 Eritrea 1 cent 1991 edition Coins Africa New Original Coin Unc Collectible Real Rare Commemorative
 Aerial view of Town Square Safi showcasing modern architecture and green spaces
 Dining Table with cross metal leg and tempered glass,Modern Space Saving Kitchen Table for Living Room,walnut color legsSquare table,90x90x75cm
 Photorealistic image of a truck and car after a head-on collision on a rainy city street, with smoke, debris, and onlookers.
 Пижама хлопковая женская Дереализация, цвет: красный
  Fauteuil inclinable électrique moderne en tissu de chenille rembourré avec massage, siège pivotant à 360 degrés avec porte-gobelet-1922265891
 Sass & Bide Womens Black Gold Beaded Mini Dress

* * *

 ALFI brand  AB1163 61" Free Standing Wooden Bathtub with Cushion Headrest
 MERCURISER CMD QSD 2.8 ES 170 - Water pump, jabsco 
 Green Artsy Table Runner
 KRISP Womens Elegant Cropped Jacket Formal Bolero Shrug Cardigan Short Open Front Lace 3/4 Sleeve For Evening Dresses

• [EXERCISE REQUIREMENTS]: Above this task is a listing. Restate, word for word and with nothing added, the lines from the one with "Dining Table with" through the one with "Sass & Bide".

• [SOLVED PROBLEM]:
 Dining Table with cross metal leg and tempered glass,Modern Space Saving Kitchen Table for Living Room,walnut color legsSquare table,90x90x75cm
 Photorealistic image of a truck and car after a head-on collision on a rainy city street, with smoke, debris, and onlookers.
 Пижама хлопковая женская Дереализация, цвет: красный
  Fauteuil inclinable électrique moderne en tissu de chenille rembourré avec massage, siège pivotant à 360 degrés avec porte-gobelet-1922265891
 Sass & Bide Womens Black Gold Beaded Mini Dress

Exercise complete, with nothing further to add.